Zinc Recycling Challenges

Zinc is, in theory, a highly recyclable metal. In practice, however, only a fraction of this potential is realised. While collection and recycling rates for zinc-containing products — particularly in mature markets like the EU and the U.S. — exceed 50%, the share of material that is reprocessed into new refined zinc metal remains low, at roughly 15% globally.

The main obstacle to zinc recycling originates in its largest application — galvanising. This process coats steel with a thin layer of zinc for corrosion protection. Galvanising creates a metallurgical bond between zinc and steel that is difficult and costly to reverse.

When galvanised steel is recycled in Electric Arc Furnaces (EAF), the zinc coating evaporates and oxidises, ending up as zinc oxide (ZnO) in EAF dust. This dust typically contains 10–30% zinc, but it also includes other oxides such as iron, lead, and cadmium, making it hazardous waste that requires special handling and disposal, adding both cost and complexity for steelmakers.
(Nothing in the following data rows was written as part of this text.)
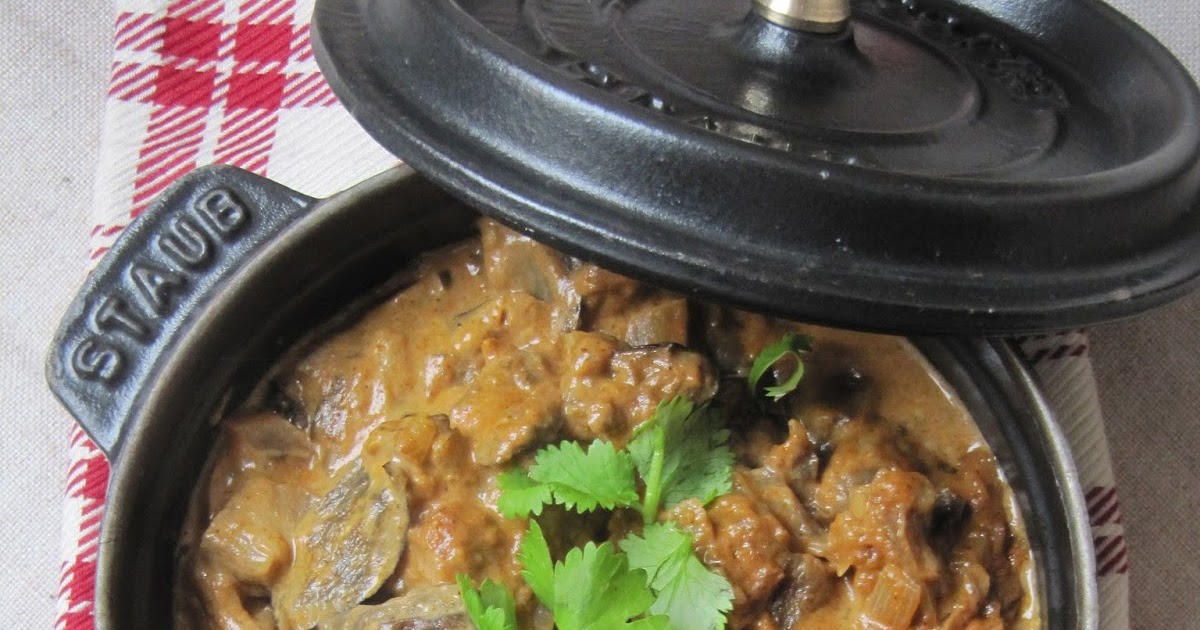 Curry d'aubergine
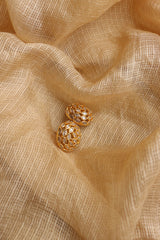 Tomb Leaves Stud Earrings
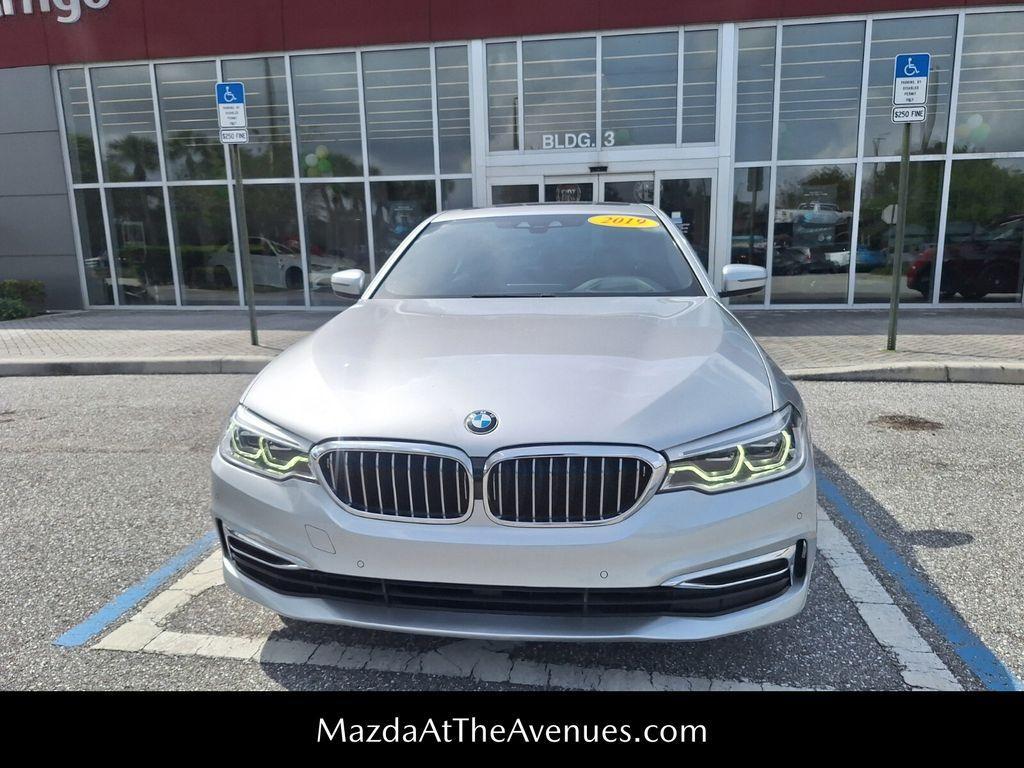 used 2019 BMW 530e car, priced at $25,991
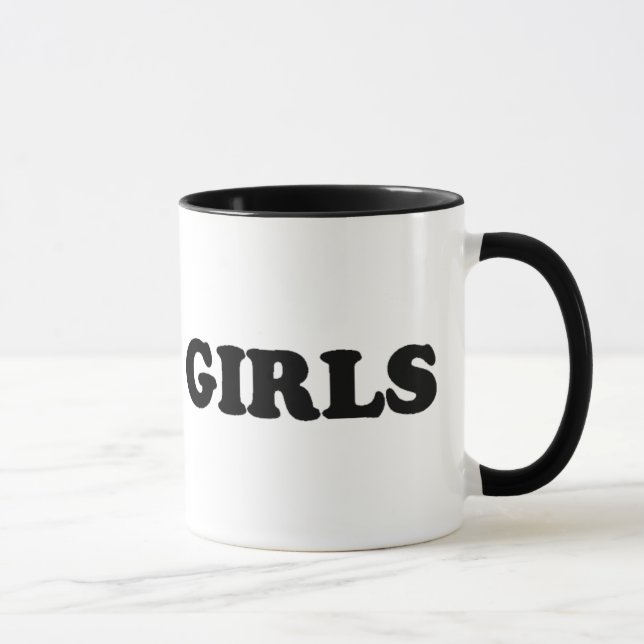 I Love Fat Girls - Coffee Mug (Right)
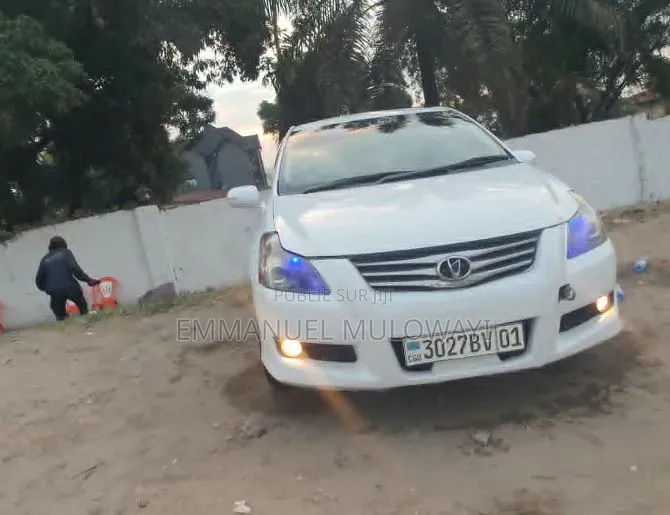Toyota Blade 2010 Blanc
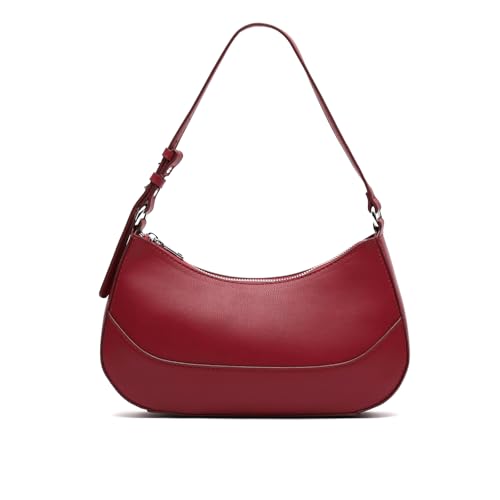 MISAKO Enpa Kleine Schultertasche Damen - Enpa Rot 17x28x5cm von MISAKO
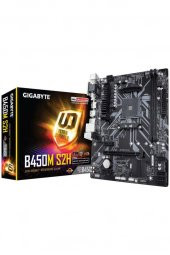 Gigabyte B450M S2H AMD B450 3600MHz (OC) DDR4 Soket AM4 mATX Anakart - 2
EAF dust can technically be recycled through pyrometallurgical or hydrometallurgical processes, which recover zinc in the form of metal or oxide. Yet these routes are energy-intensive, chemically complex, and economically challenging.

Today, approximately 85–90% of EAF dust is treated — mostly through the high-energy pyrometallurgical route. Hydrometallurgical alternatives, while cleaner, are less established commercially.

In summary, zinc’s primary end use — galvanising — locks it into steel, making separation demanding. Recovering zinc from waste streams such as dusts, sludges, and coated steel often requires high-cost, high-energy processes, which reduce yield and lower the overall recycling efficiency.

Until separation technologies advance further, zinc’s circularity will remain constrained — a reminder that recyclability doesn’t always translate to recycling rates.